The native engine matches the Bioconductor ``vsn`` package's ``vsn2`` output to ~1e-6 (and ``a``/``β`` parameters to ~1e-6) on realistic proteomics-shaped inputs (e.g. the canonical kidney 8704×2 dataset). On smaller, harder synthetic inputs, scipy's L-BFGS-B and R's ``lbfgsb`` may converge to slightly different local optima on the near-flat profile-likelihood surface; the resulting outputs typically agree within a few times 0.01 on the log2 scale, which is well within the noise of any reasonable downstream analysis.

Parameters
----------

.. autoclass:: pronoms.normalizers.VSNNormalizer
   :members:
   :undoc-members:
   :show-inheritance:

Usage Example
-------------

.. code-block:: python

   import numpy as np
   from pronoms.normalizers import VSNNormalizer

   rng = np.random.default_rng(42)
   data = np.array([
       rng.normal([100, 1000, 10000], [10, 100, 1000]),   # Sample 1
       rng.normal([120, 1200, 12000], [12, 120, 1200]),   # Sample 2
       rng.normal([80,  800,  8000],  [8,  80,  800]),    # Sample 3
   ])

   normalizer = VSNNormalizer()
   normalized = normalizer.normalize(data)

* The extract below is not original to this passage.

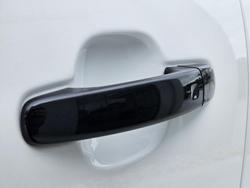 2019 Ford Ranger Wildtrak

   # Inspect fitted parameters (plain Python dict)
   params = normalizer.vsn_params
   print("a:",       params["a"])
   print("beta:",    params["b_log"])
   print("sigma^2:", params["sigsq"])

Visualization:

.. code-block:: python

   fig = normalizer.plot_comparison(data, normalized)
   fig.show()


When to Use
-----------

VSNNormalizer is particularly useful when:

- **Intensity-dependent variance**: data shows increasing variance with higher intensities.
- **Proteomics applications**: mass-spectrometry data with heteroscedastic noise.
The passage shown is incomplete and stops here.